INPUT MATERIAL

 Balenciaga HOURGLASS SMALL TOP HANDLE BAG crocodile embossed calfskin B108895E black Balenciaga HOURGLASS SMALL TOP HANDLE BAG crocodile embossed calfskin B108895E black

--

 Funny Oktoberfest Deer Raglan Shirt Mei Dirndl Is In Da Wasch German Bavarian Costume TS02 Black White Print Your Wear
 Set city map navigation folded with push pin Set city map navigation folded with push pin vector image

* * *

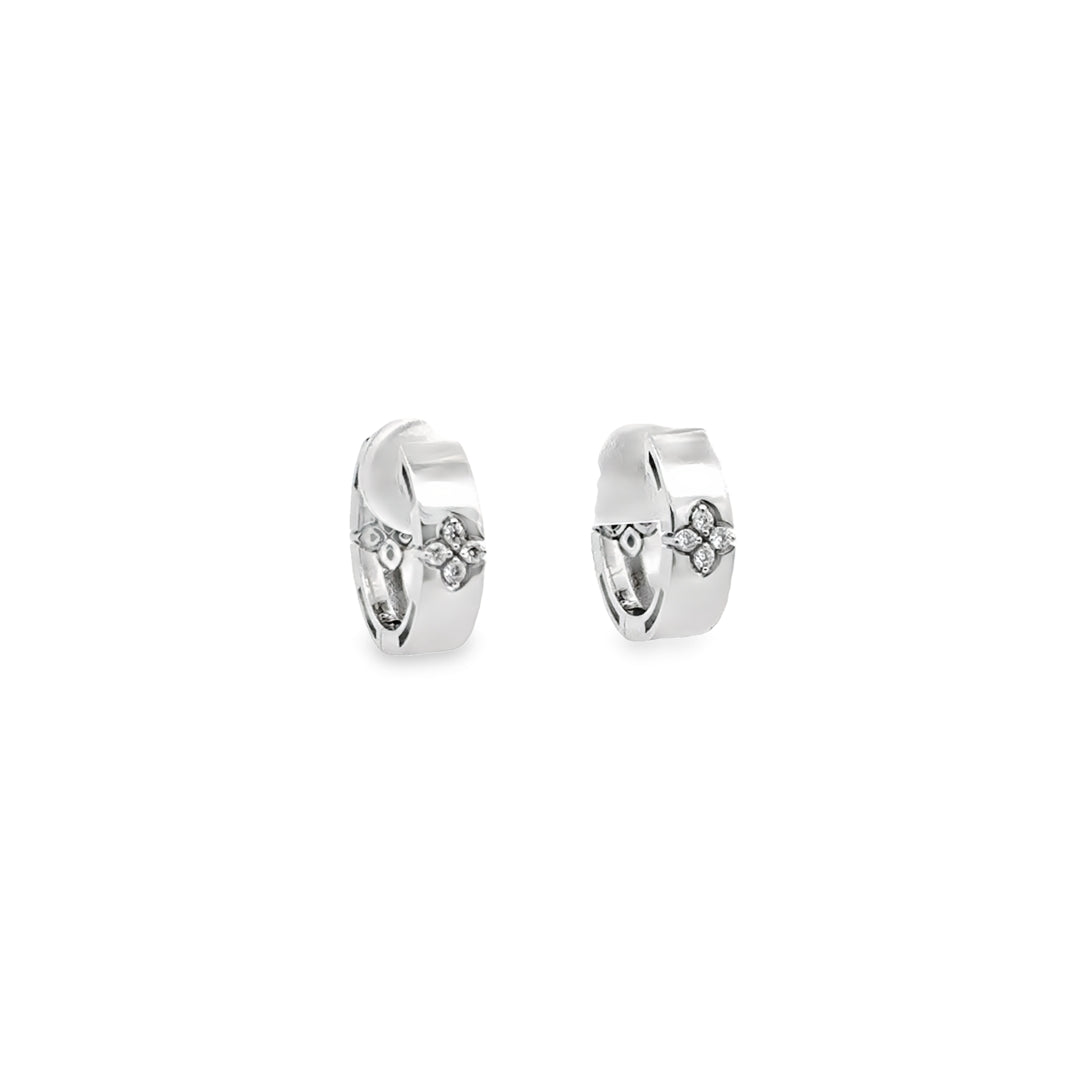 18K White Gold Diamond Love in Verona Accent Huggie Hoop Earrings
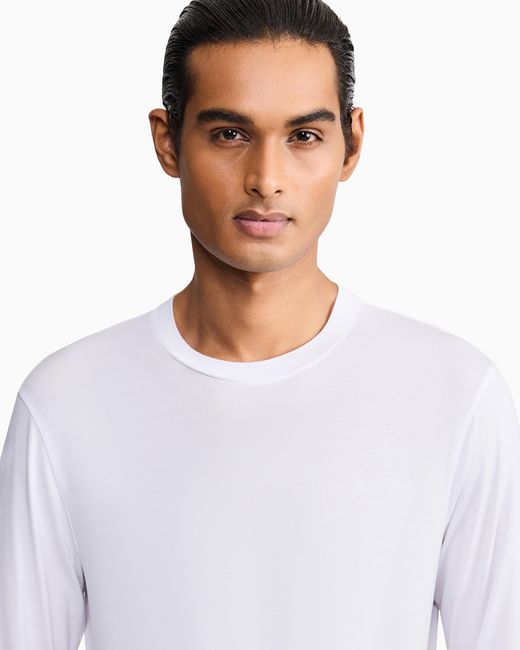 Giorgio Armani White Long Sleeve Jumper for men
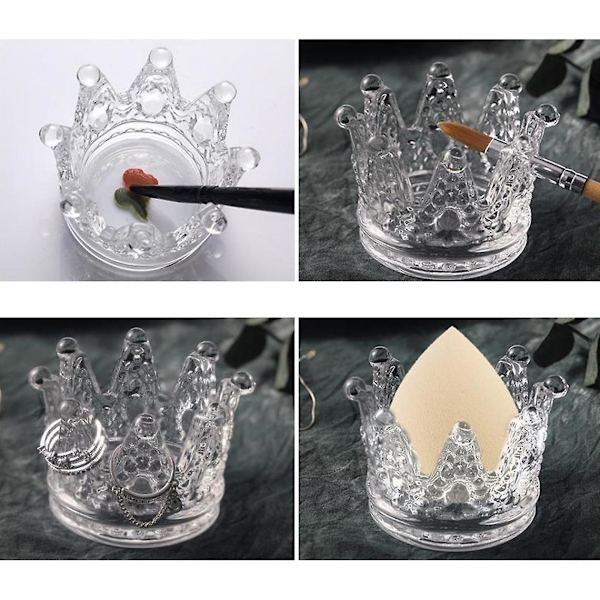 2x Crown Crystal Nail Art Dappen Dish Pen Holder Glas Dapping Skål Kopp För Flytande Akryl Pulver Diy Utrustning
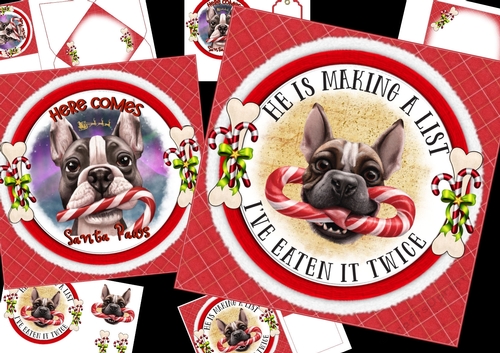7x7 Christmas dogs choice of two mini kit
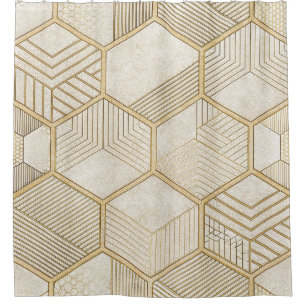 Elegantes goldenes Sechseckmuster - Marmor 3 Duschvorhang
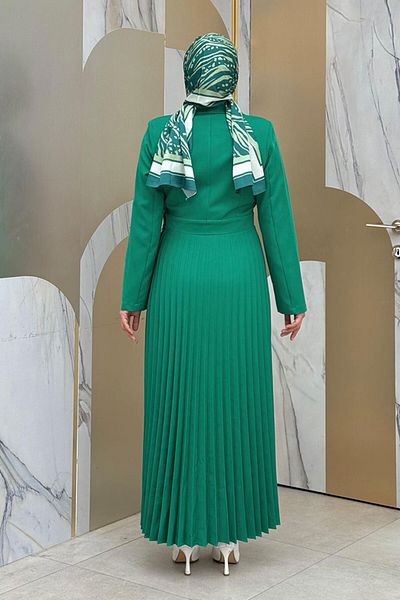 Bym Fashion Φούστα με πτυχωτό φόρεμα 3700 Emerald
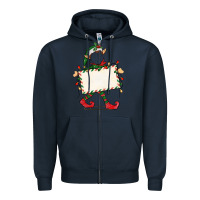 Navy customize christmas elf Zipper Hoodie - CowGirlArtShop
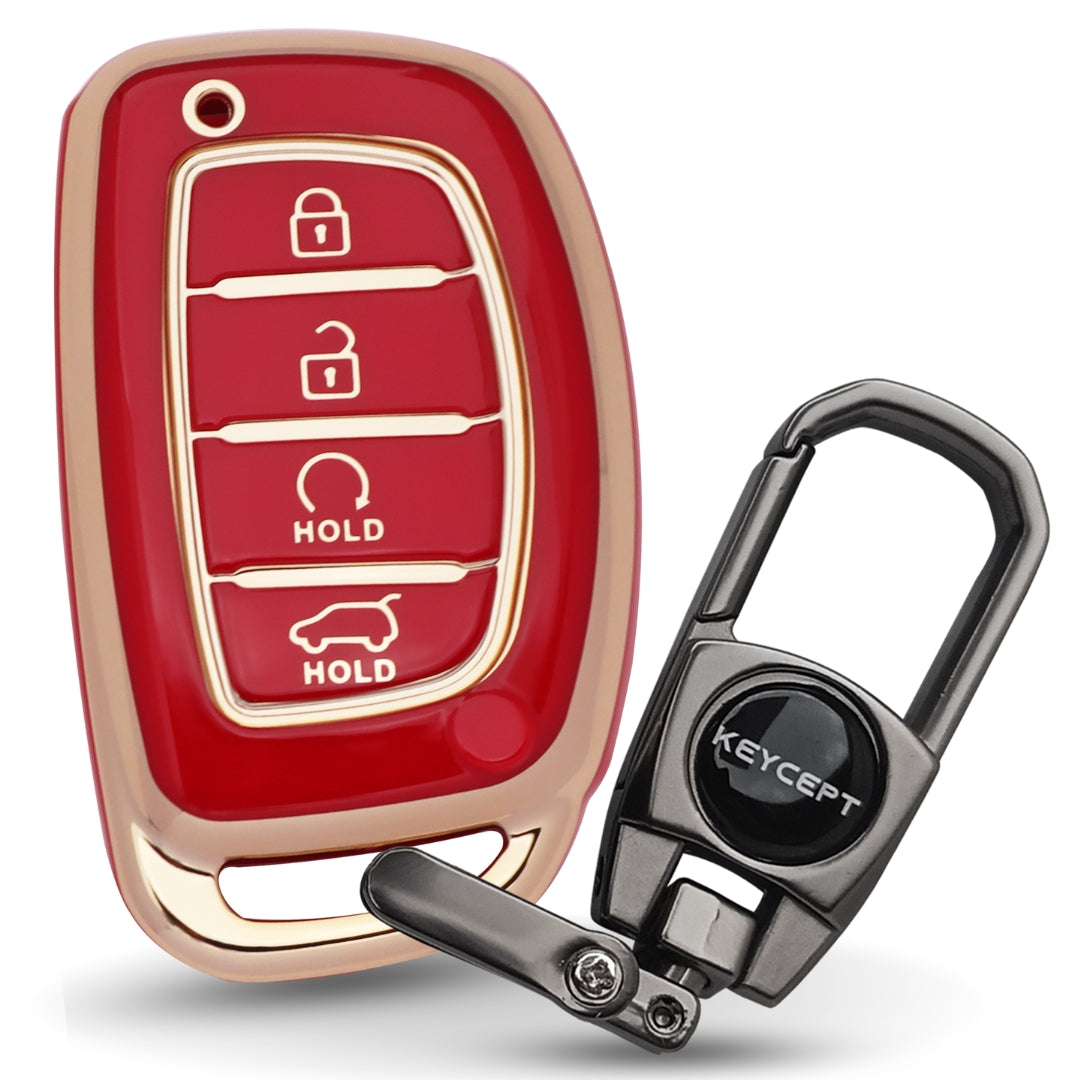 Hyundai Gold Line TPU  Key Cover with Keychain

TASK
Return only the lines between the one holding "Funny Oktoberfest Deer" and the one holding "Set city map navigation folded with push pin Set", inclusive, exactly as they appear above.

FINISHED TASK
 Funny Oktoberfest Deer Raglan Shirt Mei Dirndl Is In Da Wasch German Bavarian Costume TS02 Black White Print Your Wear
 Set city map navigation folded with push pin Set city map navigation folded with push pin vector image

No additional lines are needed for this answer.